Let’s start with the obvious: babies can’t consent. They can’t tell us if they want holes punched—or more dramatically, mutilated—through their earlobes for the sake of aesthetics. With bodily autonomy being so important to us as a society, perhaps we should keep this in consideration even to children under their parents' care. Under this logic, making permanent alterations to a baby’s body for purely cosmetic reasons is wrong. Any sane adult would prevent another from tattooing their baby, and society should act the same for ear piercings.
Some might defend that babies won’t remember the pain of getting pierced, or that it’s a culturally significant tradition that should be kept. But just because a child won’t recall the experience doesn’t make it sound, especially since ear piercings are most often permanent alterations. And while I respect traditional practices and understand how it may be important to a culture, I think it’s important to not that tradition should be open to scrutiny and revision, and that some practices belong in antiquity, not in modern times.

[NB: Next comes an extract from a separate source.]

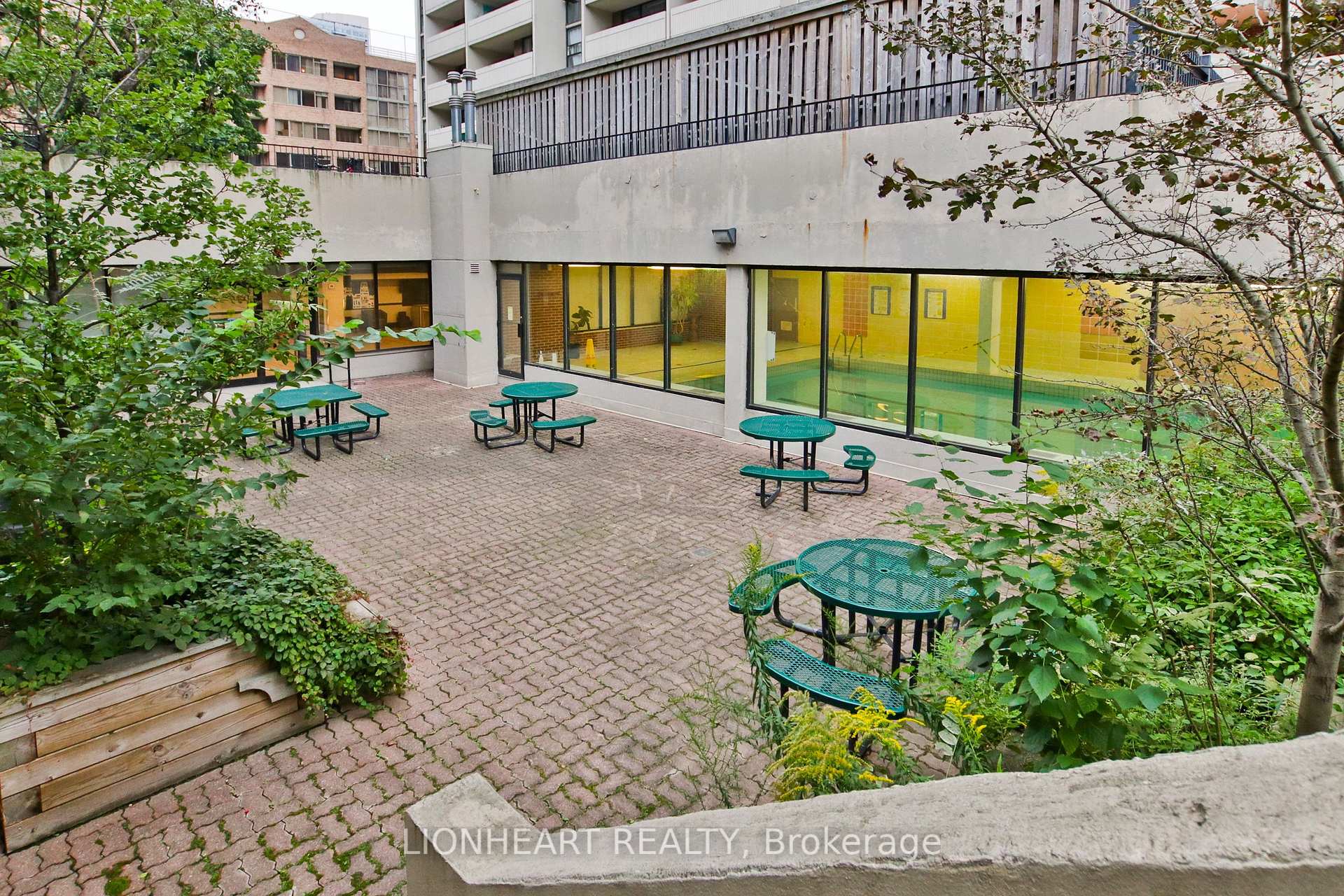 Condo at 40 Homewood, Toronto For sale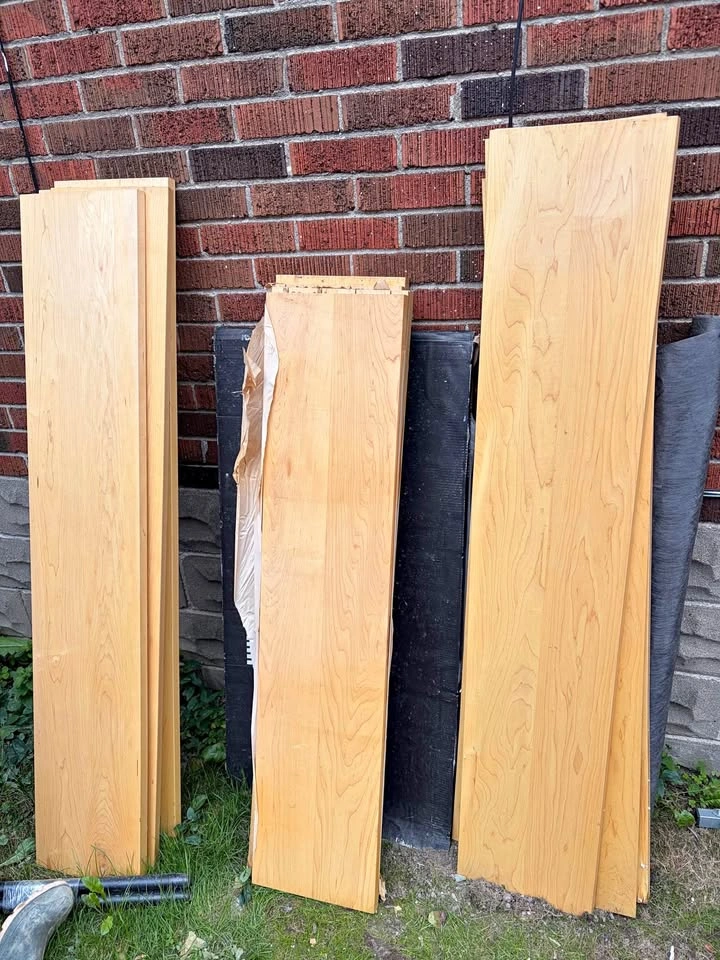 Solid wood maple stair threads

Past the ethical debate of consent, the long-term aesthetic results of infant piercings should also be discussed. As a tiny baby grows into a full-fledged adult, their piercings inevitably end up lopsided or misplaced. What may look perfectly centered on a 6-month-old’s earlobe might be noticeably off-center on an adult. With piercing holes becoming permanent after a few years, it’s extremely difficult, time-taking and painful to revise asymmetrical piercings.
As someone who got their ears pierced as a consenting 15-year-old, my two cents on this issue is that infant piercings are not worse the aesthetic and health risks, as well as the ethical implications involved. While I’ve heard some describe infant piercings as an act of love, of preventing the child from incurring the same pain in the future, I think this logic is absolutely poppycock. When I got my ears pierced, I got a dollop of numbing cream on my ears, and barely felt a thing when the needle punctured my earlobe. With no lingering mental issues from the pain of being pierced, I am convinced that piercings of any kind should be left to the future autonomous decisions of the child.
So let’s wait. Let children decide for themselves, especially when they’re old enough to understand and consent to the procedure, and what impacts it may have in the long-run. Not only is it more ethical, it’ll likely result in more symmetrical piercings that they’ll be happy with. And to the final defendants of childhood ear piercings I have one thing to say: Clip. On. Earrings. They achieve the same aesthetic effects with none of the damages. Try looking into them instead of buying a piercing gun.